Web page caption snippets:
§ §

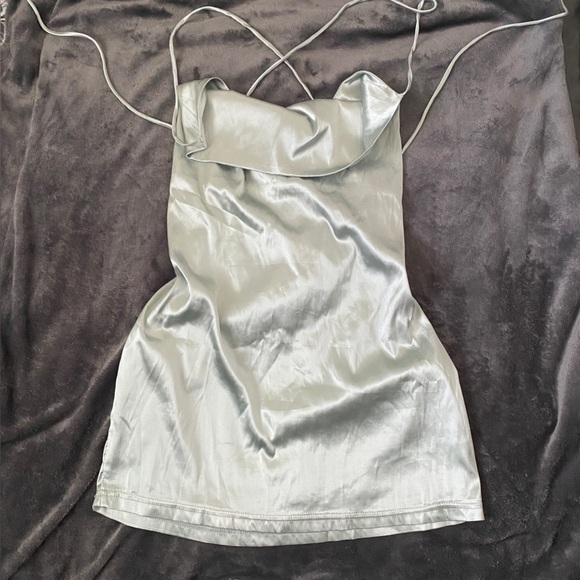 Fashion Nova Baddie Silver Blue Ruched Strap Up Back Mini Bodycon Dress Size XL - Picture 3 of 6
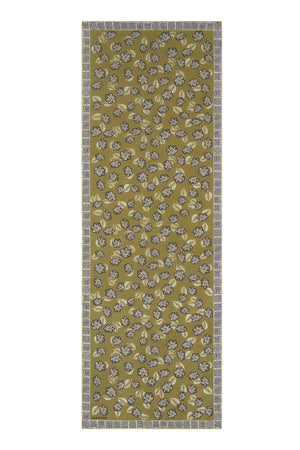 Serpme Çiçek Zeytin Yeşili Krep İpek Şal 70x210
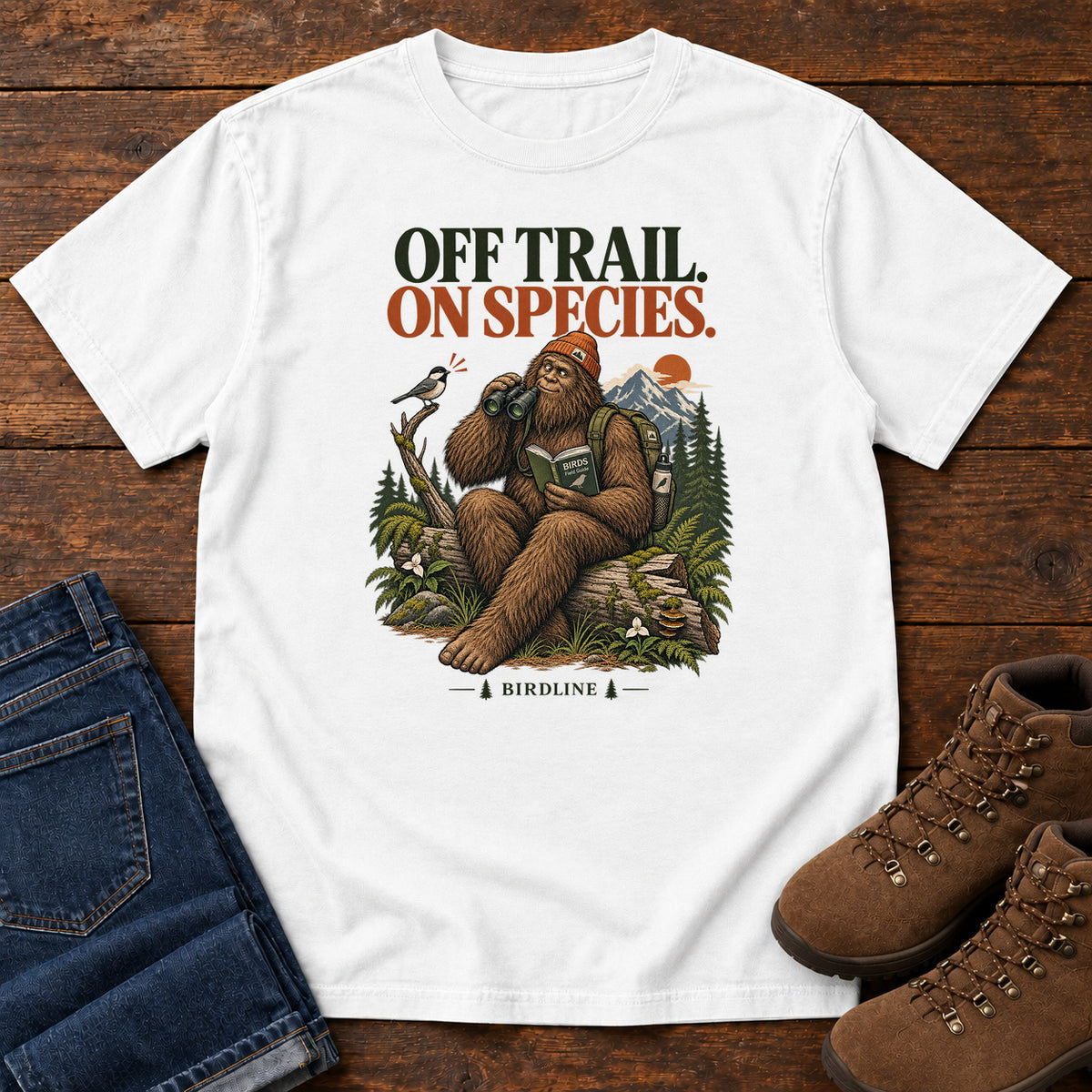 Off Trail On Species Bigfoot T-Shirt in White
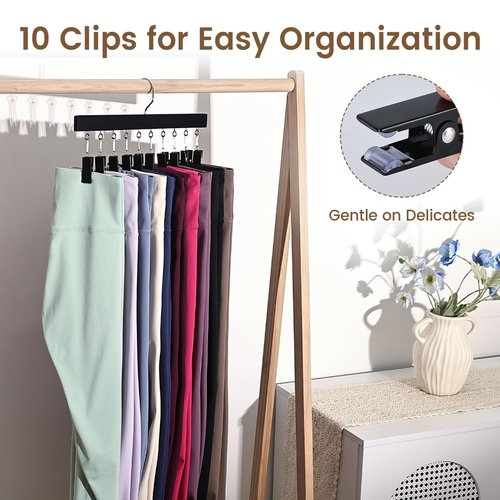 Draxzor 2 Pack Leggings Hangers for Closet, Wooden Legging Hanger for Closet Organizer with 20 Upgraded Clips Holds 20 Leggings, 360° Rotatable Space Saving Yoga Pants Hanger for Socks, Skirts, Black
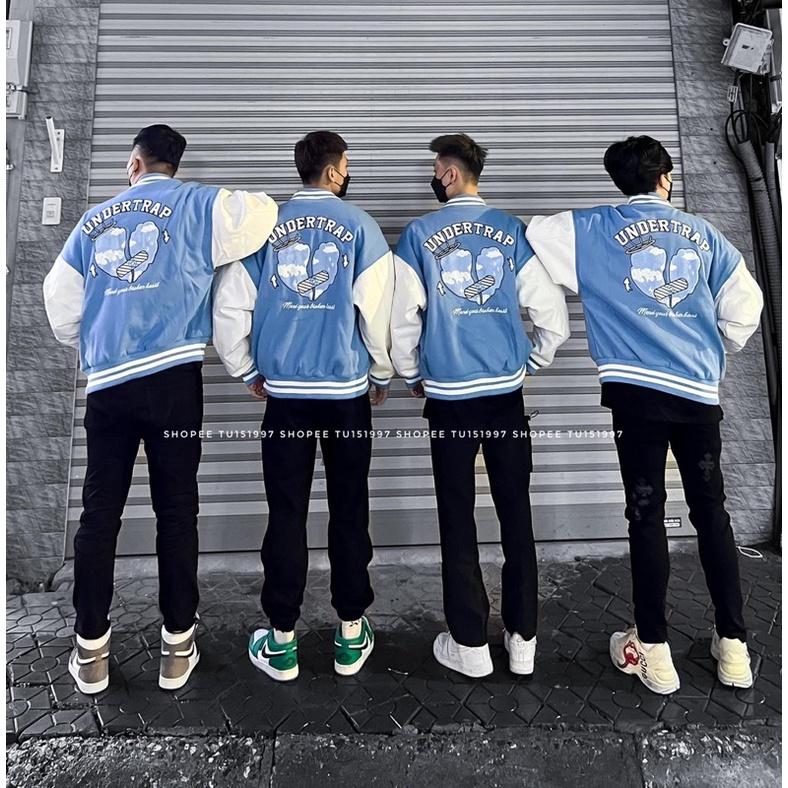 VARSITY JACKET BOMBER UNDERTRAP - BOMBER NỈ UNDERTRAP XANH DƯƠNG SIÊU HOT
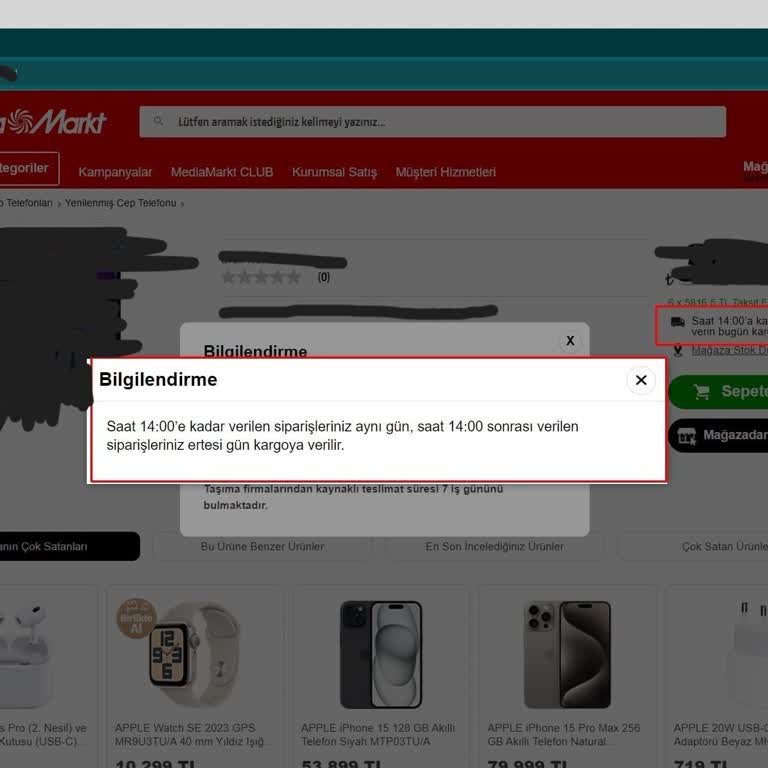 Media Markt Siparişim Kargoya Verilmedi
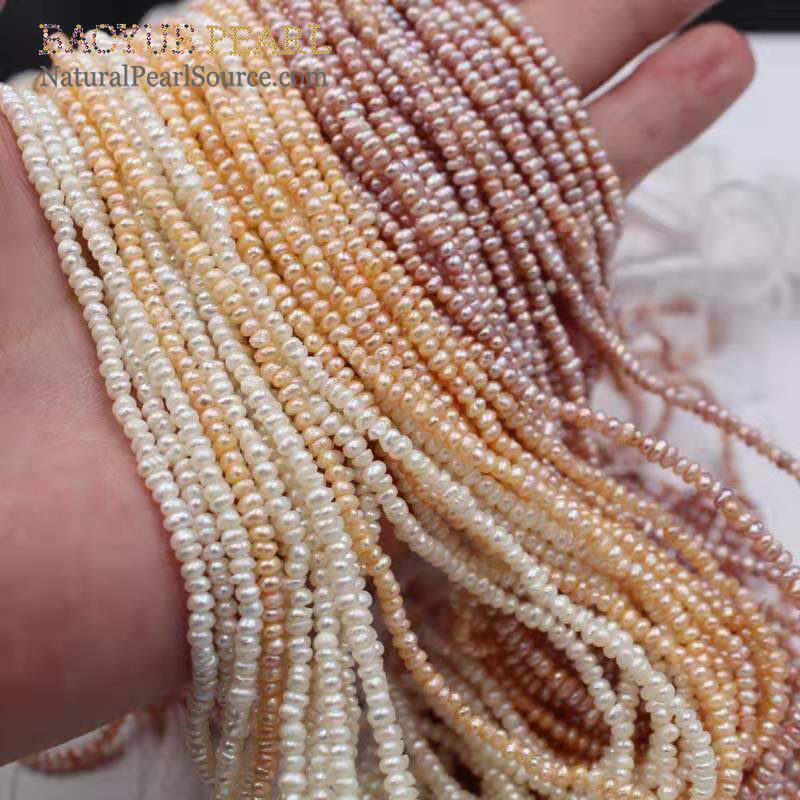 2-3mm potato natural freshwater pearl strand Small Pearls for Jewelry Making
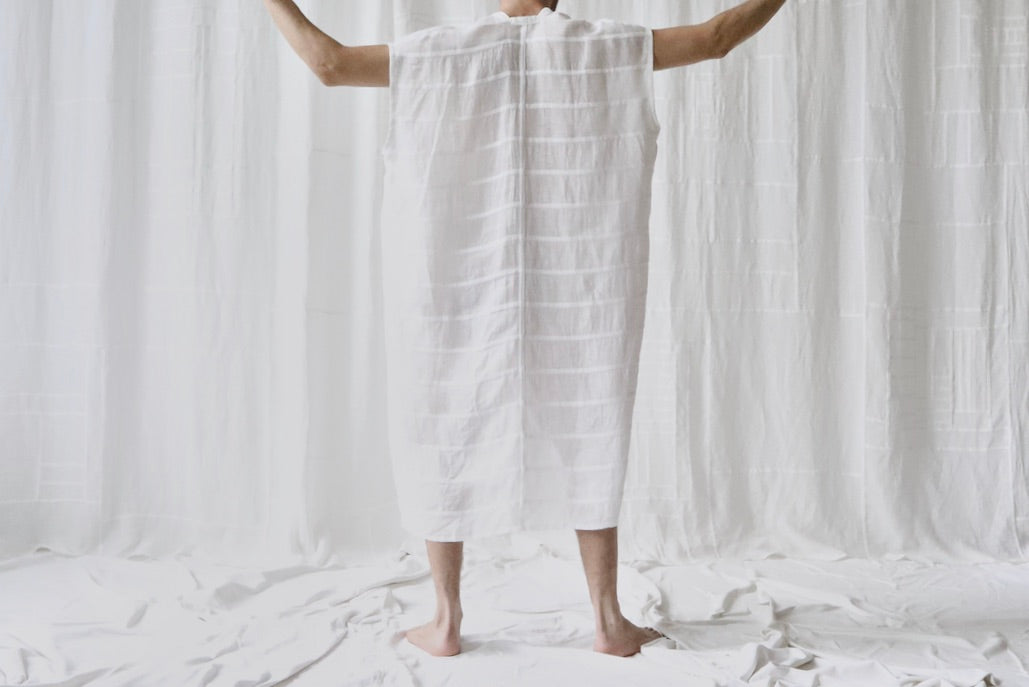 natural linen gauze caftan dress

§ §

__WHAT THE TASK REQUIRES__:
With pictures omitted, restate word for word every line above from the one containing "Draxzor 2 Pack" to the end of the entries.

__RESPONSE AREA__:
 Draxzor 2 Pack Leggings Hangers for Closet, Wooden Legging Hanger for Closet Organizer with 20 Upgraded Clips Holds 20 Leggings, 360° Rotatable Space Saving Yoga Pants Hanger for Socks, Skirts, Black
 VARSITY JACKET BOMBER UNDERTRAP - BOMBER NỈ UNDERTRAP XANH DƯƠNG SIÊU HOT
 Media Markt Siparişim Kargoya Verilmedi
 2-3mm potato natural freshwater pearl strand Small Pearls for Jewelry Making
 natural linen gauze caftan dress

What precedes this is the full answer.